(DATASET RECORDS begins)

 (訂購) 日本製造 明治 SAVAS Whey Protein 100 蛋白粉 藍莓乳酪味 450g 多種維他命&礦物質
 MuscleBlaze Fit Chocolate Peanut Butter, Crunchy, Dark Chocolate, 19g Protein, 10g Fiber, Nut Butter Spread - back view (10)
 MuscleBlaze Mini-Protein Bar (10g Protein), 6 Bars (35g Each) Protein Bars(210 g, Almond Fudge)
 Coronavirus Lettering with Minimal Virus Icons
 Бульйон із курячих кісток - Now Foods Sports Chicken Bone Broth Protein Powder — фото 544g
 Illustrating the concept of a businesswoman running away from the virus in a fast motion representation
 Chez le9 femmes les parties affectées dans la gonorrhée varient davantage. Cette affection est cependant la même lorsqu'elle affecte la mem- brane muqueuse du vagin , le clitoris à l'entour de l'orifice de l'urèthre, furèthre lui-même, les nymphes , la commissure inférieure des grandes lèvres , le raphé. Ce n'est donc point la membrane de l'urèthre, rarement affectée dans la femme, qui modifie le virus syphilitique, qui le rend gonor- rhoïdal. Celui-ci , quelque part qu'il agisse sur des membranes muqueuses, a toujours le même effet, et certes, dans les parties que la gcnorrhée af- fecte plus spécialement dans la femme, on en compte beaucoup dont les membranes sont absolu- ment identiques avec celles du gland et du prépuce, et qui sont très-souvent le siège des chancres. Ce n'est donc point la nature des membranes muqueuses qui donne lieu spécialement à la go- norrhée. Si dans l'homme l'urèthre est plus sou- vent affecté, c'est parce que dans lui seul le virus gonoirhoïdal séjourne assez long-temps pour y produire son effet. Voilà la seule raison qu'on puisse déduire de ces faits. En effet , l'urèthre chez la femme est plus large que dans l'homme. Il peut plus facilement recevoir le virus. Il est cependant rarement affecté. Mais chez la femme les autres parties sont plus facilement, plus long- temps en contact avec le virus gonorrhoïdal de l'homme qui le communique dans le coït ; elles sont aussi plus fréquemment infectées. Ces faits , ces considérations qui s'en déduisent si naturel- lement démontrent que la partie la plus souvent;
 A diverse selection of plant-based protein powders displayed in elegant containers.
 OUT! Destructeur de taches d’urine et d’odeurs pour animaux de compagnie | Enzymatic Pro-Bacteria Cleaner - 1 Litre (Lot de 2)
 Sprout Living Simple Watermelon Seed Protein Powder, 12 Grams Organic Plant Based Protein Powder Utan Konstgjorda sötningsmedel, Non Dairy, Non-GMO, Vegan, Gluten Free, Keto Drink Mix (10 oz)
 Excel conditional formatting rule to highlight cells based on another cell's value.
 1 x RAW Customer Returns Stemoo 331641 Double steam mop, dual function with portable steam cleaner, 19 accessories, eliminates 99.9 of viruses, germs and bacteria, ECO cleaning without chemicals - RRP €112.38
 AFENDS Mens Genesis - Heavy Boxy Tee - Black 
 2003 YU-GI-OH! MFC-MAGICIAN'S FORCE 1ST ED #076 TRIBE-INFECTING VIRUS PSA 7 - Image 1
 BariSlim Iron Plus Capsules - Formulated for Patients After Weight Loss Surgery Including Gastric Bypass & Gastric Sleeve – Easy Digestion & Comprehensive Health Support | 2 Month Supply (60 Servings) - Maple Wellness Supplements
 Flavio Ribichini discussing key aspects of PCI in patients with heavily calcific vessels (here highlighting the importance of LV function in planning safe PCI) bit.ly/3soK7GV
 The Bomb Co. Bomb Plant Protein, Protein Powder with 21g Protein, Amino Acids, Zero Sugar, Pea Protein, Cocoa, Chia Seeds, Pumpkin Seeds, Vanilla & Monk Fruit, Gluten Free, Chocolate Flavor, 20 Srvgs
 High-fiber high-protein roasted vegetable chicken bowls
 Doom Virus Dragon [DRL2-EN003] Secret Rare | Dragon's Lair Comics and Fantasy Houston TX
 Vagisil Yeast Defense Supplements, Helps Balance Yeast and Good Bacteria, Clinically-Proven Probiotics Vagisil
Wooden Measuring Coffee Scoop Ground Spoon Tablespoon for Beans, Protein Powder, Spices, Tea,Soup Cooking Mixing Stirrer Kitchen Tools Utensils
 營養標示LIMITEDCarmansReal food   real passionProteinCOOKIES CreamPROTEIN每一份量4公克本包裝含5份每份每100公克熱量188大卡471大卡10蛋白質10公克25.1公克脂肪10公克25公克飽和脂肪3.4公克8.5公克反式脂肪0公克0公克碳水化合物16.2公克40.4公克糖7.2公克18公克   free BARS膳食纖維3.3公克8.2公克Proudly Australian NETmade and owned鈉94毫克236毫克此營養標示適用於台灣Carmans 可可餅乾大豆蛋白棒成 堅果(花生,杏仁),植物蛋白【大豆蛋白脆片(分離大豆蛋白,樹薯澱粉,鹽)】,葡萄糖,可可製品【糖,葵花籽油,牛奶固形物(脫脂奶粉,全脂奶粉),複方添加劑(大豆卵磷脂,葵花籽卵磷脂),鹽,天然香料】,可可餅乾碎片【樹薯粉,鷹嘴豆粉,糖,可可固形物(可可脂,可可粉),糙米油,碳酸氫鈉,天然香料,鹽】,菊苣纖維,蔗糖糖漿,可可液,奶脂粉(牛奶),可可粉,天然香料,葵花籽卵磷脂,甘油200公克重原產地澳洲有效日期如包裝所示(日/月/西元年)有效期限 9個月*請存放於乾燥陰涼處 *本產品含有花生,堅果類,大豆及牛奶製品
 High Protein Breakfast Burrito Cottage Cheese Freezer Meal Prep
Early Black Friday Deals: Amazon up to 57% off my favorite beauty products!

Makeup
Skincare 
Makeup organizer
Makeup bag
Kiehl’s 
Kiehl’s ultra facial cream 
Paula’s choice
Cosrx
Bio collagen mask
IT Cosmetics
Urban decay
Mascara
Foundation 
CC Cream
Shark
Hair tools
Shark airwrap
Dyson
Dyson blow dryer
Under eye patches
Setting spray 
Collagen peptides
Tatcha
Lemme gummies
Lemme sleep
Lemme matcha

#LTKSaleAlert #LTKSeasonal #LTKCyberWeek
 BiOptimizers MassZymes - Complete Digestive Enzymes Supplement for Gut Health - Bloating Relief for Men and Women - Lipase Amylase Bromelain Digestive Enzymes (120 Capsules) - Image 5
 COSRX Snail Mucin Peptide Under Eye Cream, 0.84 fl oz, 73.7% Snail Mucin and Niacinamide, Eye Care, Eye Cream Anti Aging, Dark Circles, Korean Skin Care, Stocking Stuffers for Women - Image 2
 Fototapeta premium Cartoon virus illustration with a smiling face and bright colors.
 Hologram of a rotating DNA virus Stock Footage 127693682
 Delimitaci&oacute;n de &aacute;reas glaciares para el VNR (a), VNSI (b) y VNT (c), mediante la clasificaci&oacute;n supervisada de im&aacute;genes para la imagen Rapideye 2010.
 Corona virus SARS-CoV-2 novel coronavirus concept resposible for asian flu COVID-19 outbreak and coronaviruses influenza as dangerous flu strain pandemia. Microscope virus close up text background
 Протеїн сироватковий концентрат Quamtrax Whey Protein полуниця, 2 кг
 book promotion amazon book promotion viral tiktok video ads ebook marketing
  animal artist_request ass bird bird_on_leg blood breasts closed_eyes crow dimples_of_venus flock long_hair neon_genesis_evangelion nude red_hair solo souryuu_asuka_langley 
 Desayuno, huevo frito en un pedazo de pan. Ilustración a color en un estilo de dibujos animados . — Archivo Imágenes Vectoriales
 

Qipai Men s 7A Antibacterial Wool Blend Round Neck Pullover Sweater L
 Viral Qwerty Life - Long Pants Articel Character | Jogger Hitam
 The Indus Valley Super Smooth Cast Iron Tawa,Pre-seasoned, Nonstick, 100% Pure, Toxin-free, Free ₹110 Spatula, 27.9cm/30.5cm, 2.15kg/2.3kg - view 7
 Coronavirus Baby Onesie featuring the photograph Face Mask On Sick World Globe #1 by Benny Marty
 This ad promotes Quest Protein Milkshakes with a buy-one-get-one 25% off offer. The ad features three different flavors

(DATASET RECORDS ends)

= EXERCISE DESCRIPTION =
Only the lines above from the one with "Протеїн сироватковий концентрат" up to and including the one with "animal artist_request ass" should be repeated, exactly as written.

= EXERCISE RESPONSE =
 Протеїн сироватковий концентрат Quamtrax Whey Protein полуниця, 2 кг
 book promotion amazon book promotion viral tiktok video ads ebook marketing
  animal artist_request ass bird bird_on_leg blood breasts closed_eyes crow dimples_of_venus flock long_hair neon_genesis_evangelion nude red_hair solo souryuu_asuka_langley 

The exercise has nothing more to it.